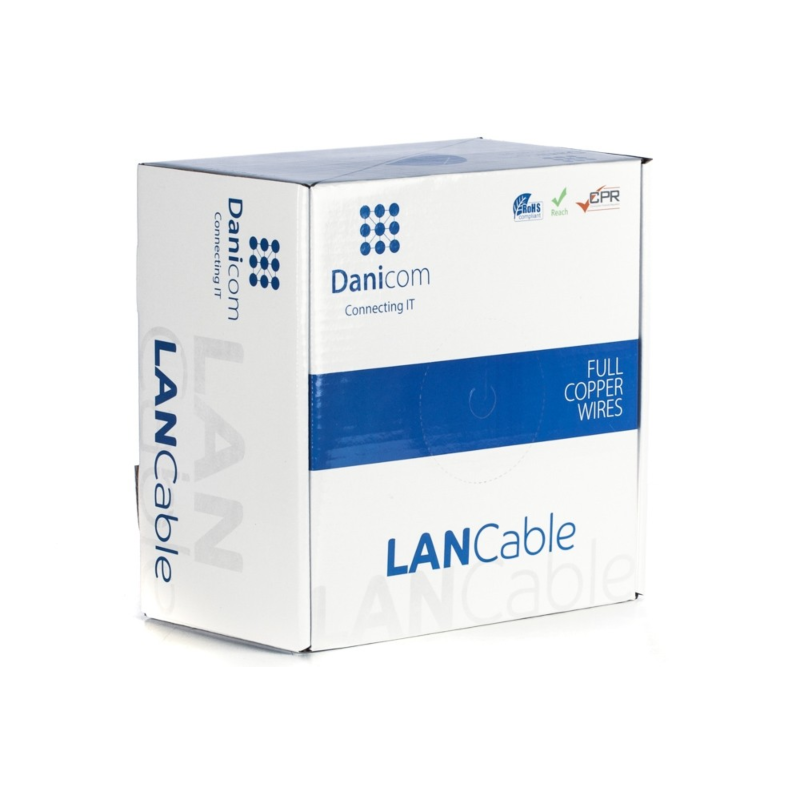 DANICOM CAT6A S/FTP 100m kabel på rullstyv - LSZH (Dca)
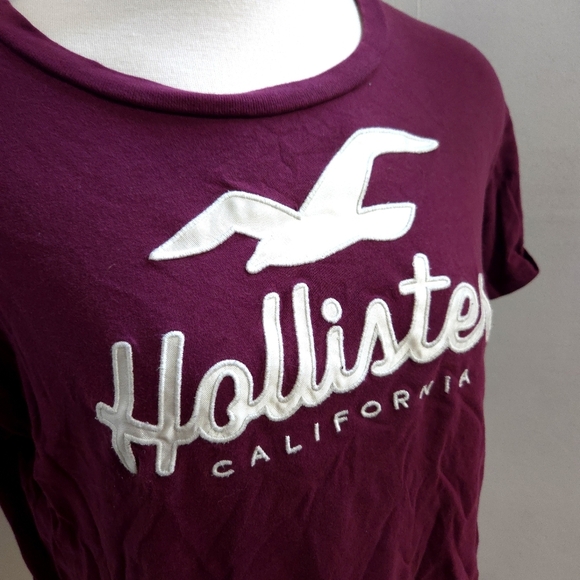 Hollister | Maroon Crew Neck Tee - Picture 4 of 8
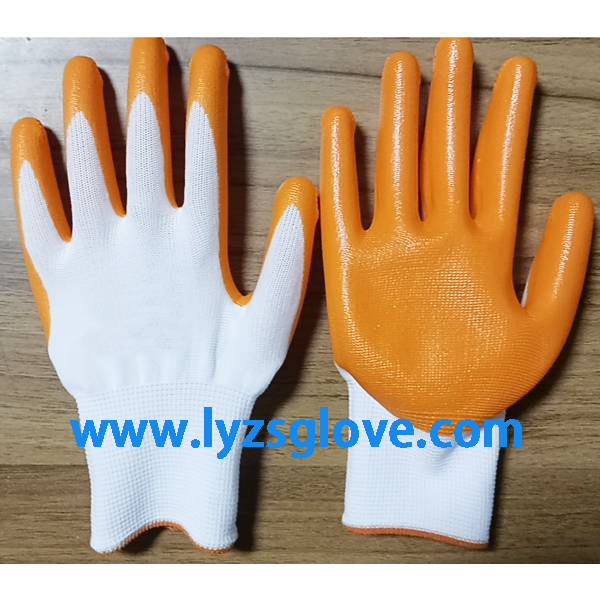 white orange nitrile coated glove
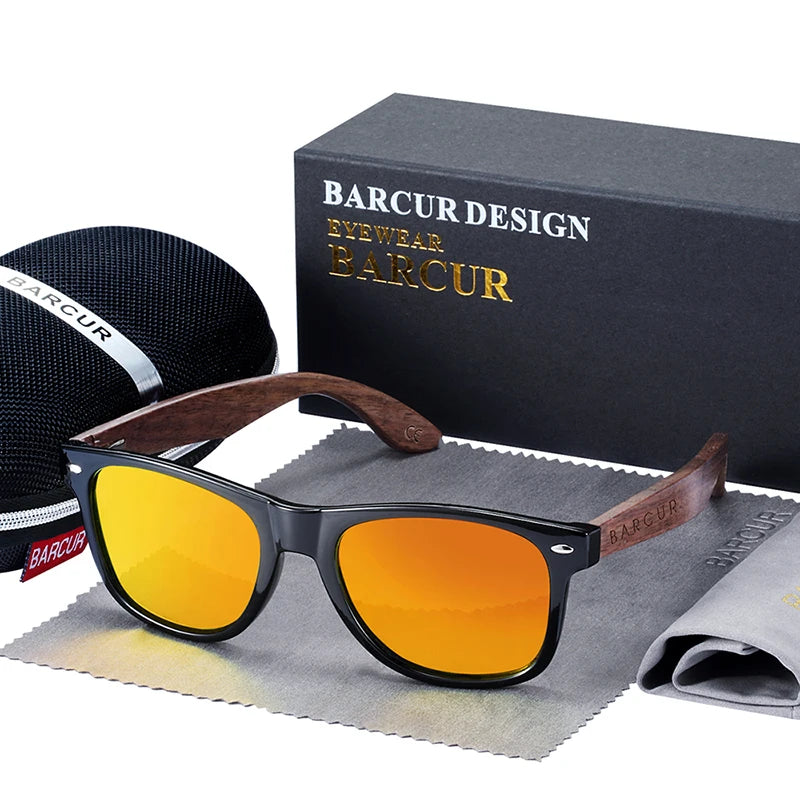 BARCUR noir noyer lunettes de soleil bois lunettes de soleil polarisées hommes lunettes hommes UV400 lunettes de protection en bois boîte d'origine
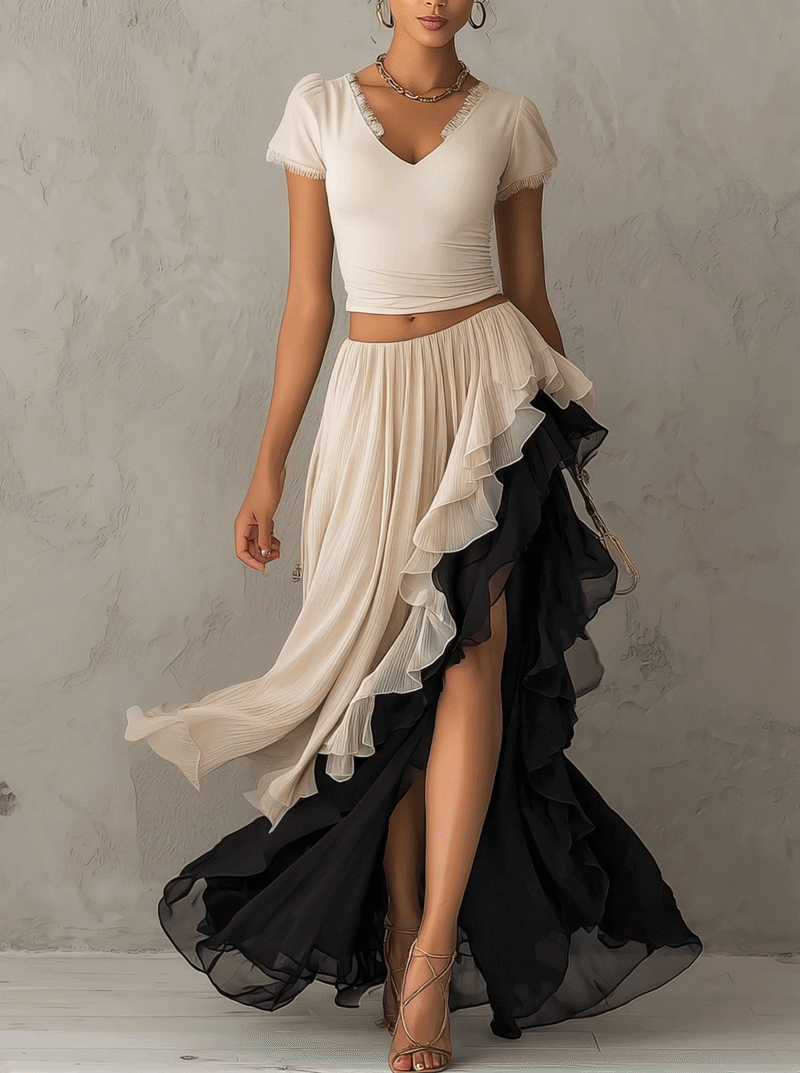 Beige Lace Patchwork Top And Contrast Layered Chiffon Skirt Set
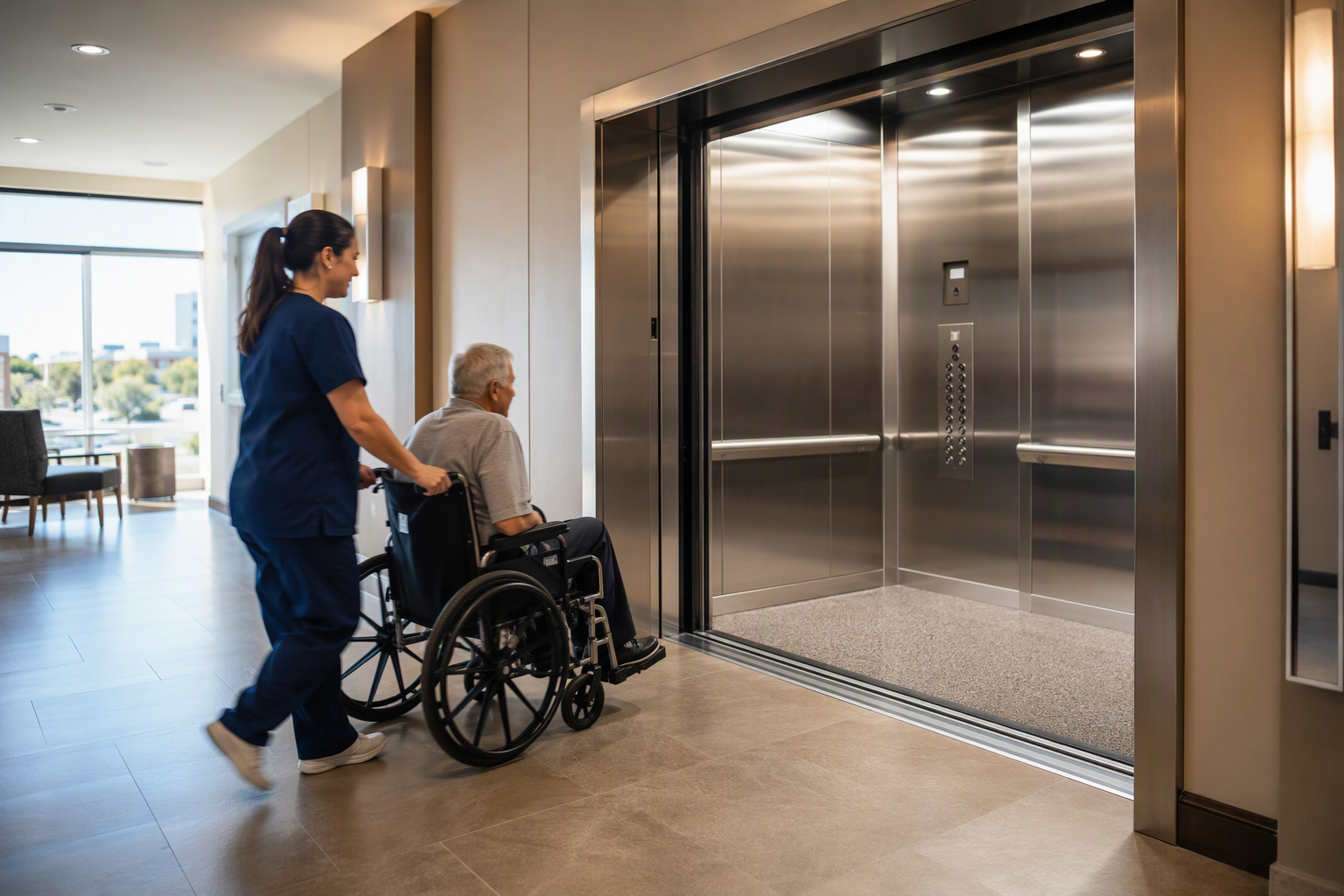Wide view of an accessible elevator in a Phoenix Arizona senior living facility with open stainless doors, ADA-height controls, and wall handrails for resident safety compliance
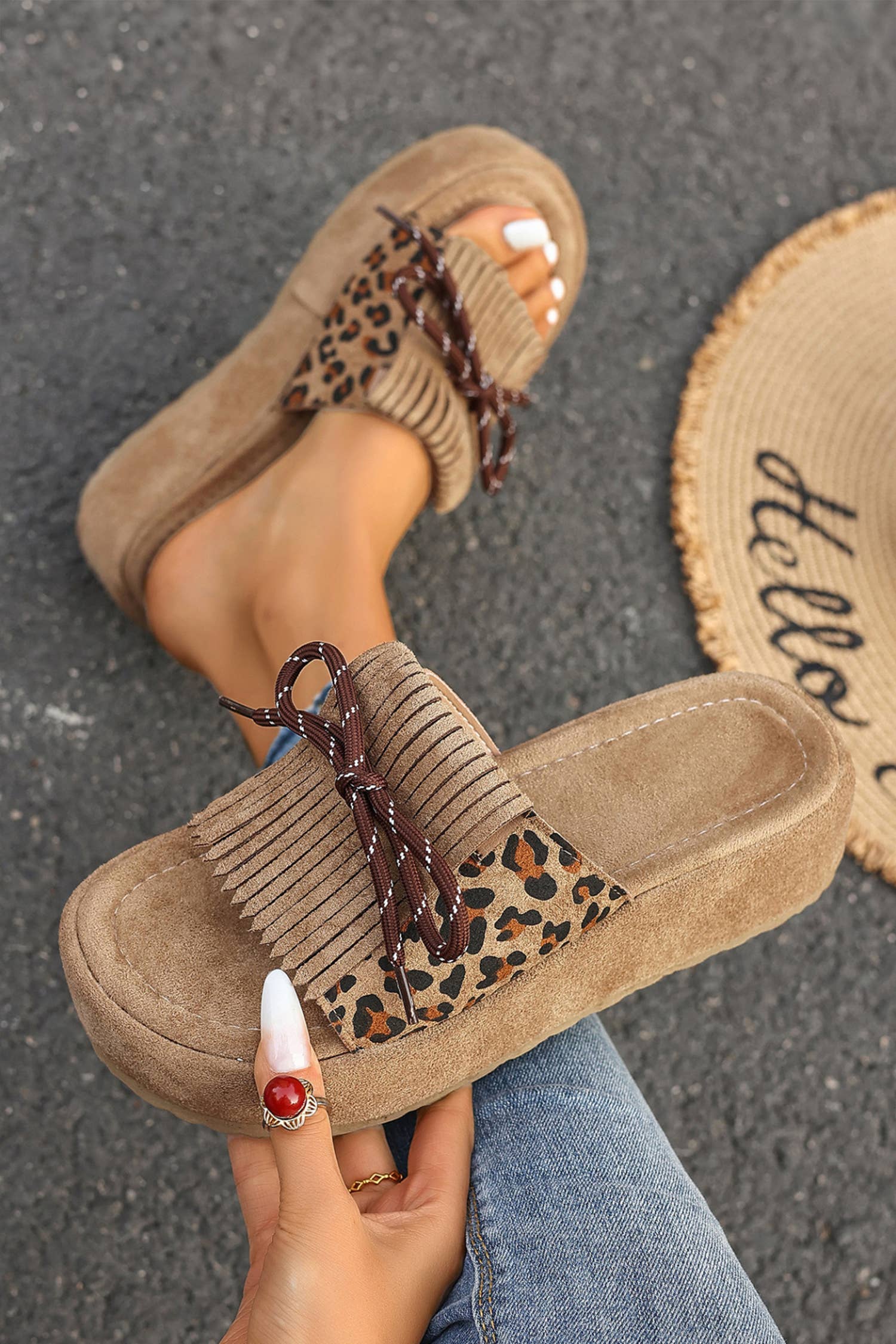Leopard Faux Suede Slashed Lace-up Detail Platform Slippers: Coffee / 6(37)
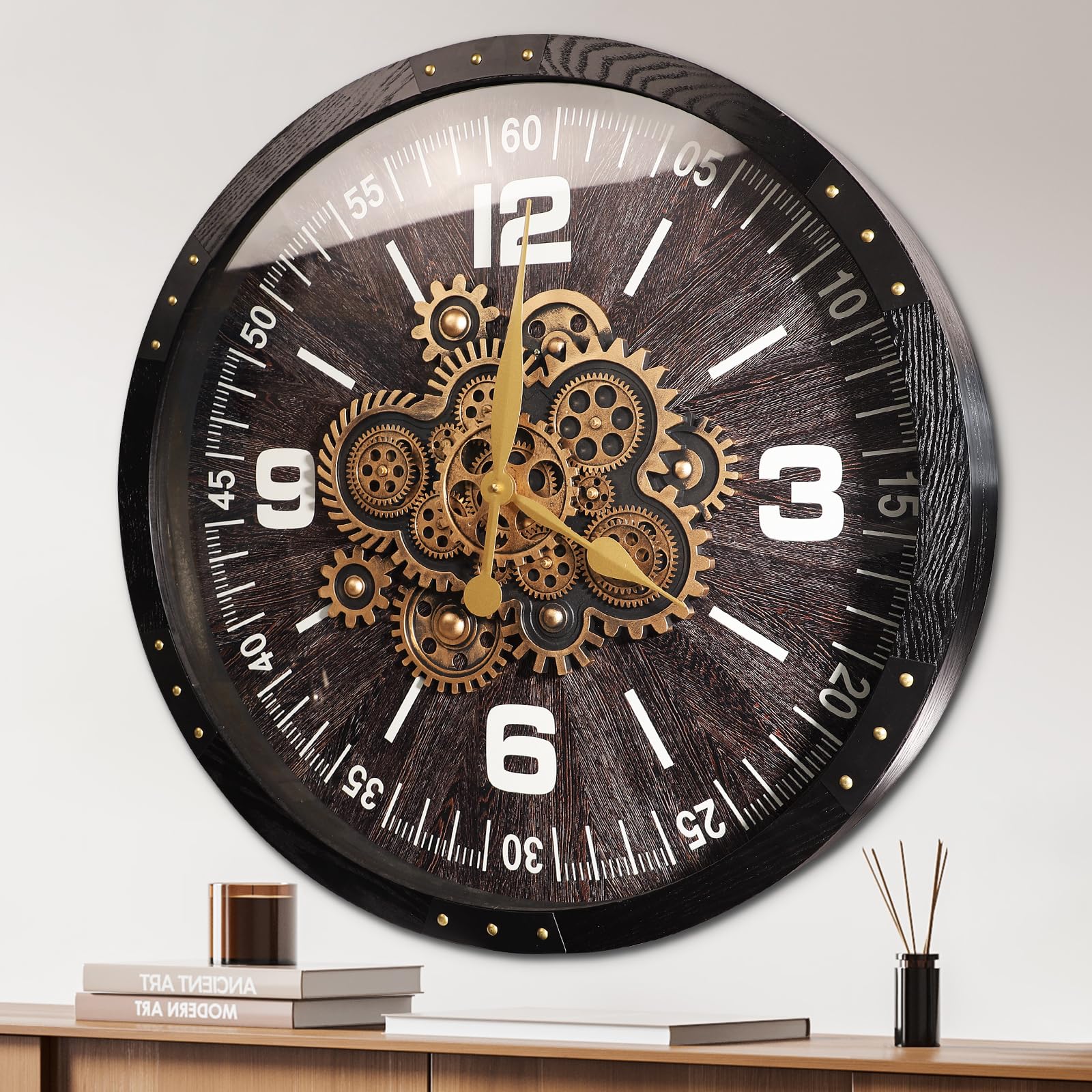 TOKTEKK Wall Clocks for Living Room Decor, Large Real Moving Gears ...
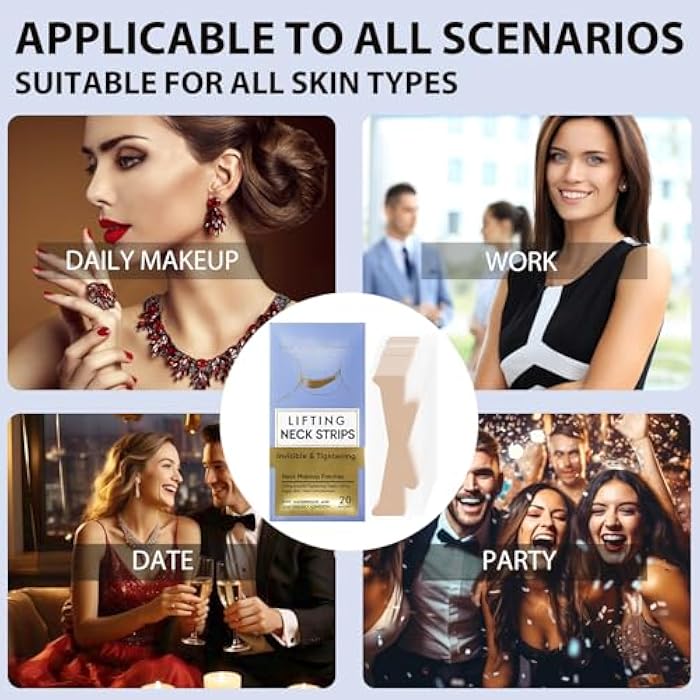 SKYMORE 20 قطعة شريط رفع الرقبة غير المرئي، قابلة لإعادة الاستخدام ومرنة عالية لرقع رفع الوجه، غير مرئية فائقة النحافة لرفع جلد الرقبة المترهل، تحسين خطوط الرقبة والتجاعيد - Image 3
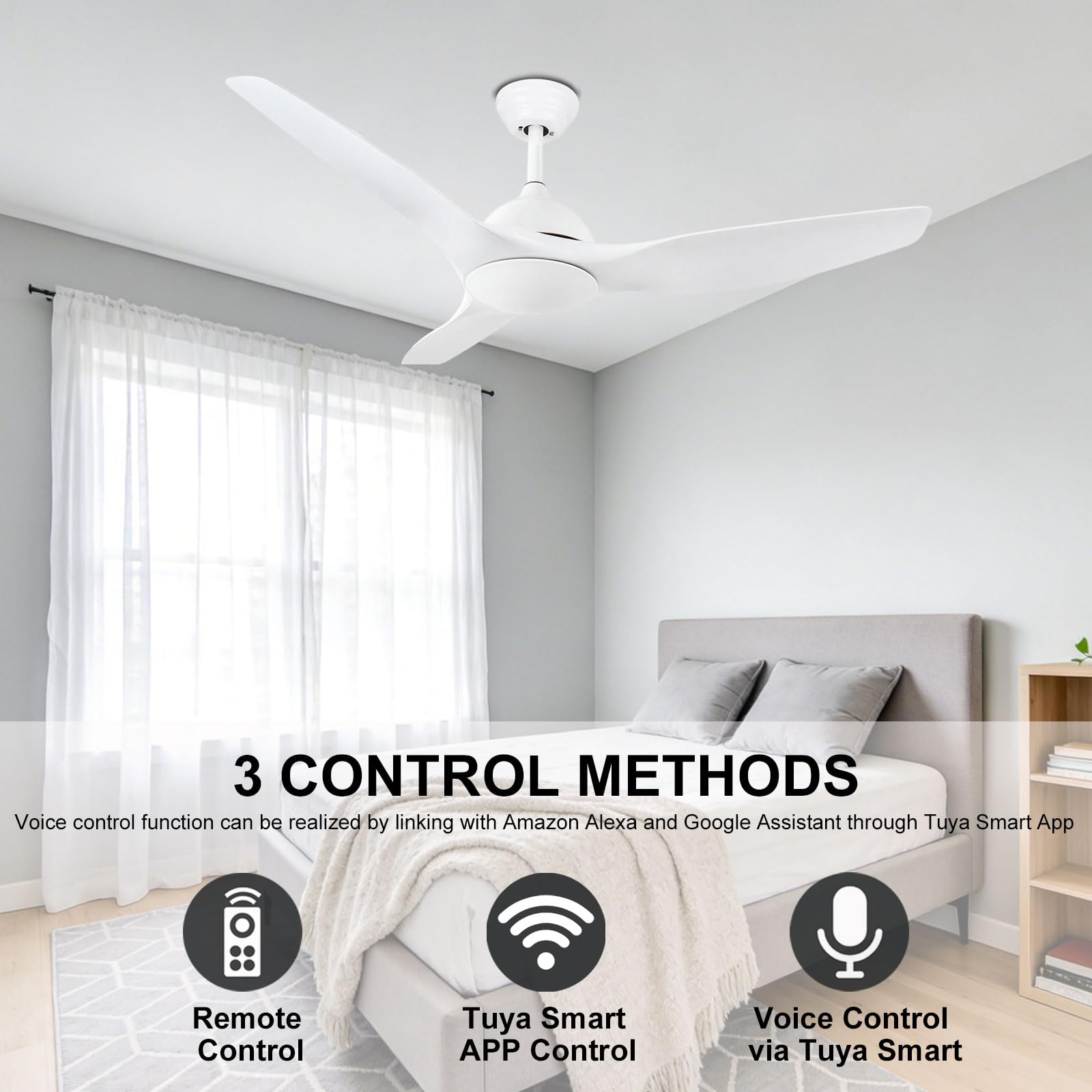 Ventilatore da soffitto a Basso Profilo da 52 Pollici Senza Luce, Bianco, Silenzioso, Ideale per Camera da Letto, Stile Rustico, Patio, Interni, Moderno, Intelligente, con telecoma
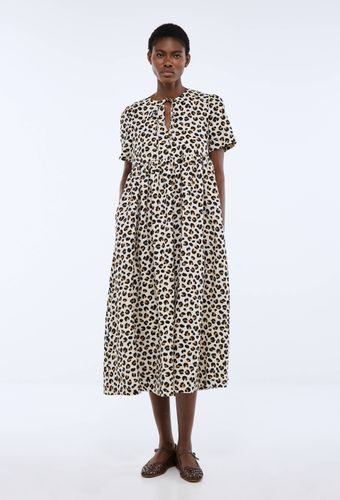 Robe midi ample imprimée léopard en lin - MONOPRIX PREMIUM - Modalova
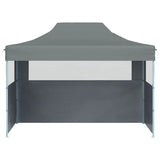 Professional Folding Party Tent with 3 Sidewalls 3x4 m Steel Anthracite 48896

------

## What you need to do
Please output the full listing above exactly, minus any pictures.

## Output for this task
 DANICOM CAT6A S/FTP 100m kabel på rullstyv - LSZH (Dca)
 Hollister | Maroon Crew Neck Tee - Picture 4 of 8
 white orange nitrile coated glove
 BARCUR noir noyer lunettes de soleil bois lunettes de soleil polarisées hommes lunettes hommes UV400 lunettes de protection en bois boîte d'origine
 Beige Lace Patchwork Top And Contrast Layered Chiffon Skirt Set
Wide view of an accessible elevator in a Phoenix Arizona senior living facility with open stainless doors, ADA-height controls, and wall handrails for resident safety compliance
Leopard Faux Suede Slashed Lace-up Detail Platform Slippers: Coffee / 6(37)
 TOKTEKK Wall Clocks for Living Room Decor, Large Real Moving Gears ...
 SKYMORE 20 قطعة شريط رفع الرقبة غير المرئي، قابلة لإعادة الاستخدام ومرنة عالية لرقع رفع الوجه، غير مرئية فائقة النحافة لرفع جلد الرقبة المترهل، تحسين خطوط الرقبة والتجاعيد - Image 3
 Ventilatore da soffitto a Basso Profilo da 52 Pollici Senza Luce, Bianco, Silenzioso, Ideale per Camera da Letto, Stile Rustico, Patio, Interni, Moderno, Intelligente, con telecoma
 Robe midi ample imprimée léopard en lin - MONOPRIX PREMIUM - Modalova
 Professional Folding Party Tent with 3 Sidewalls 3x4 m Steel Anthracite 48896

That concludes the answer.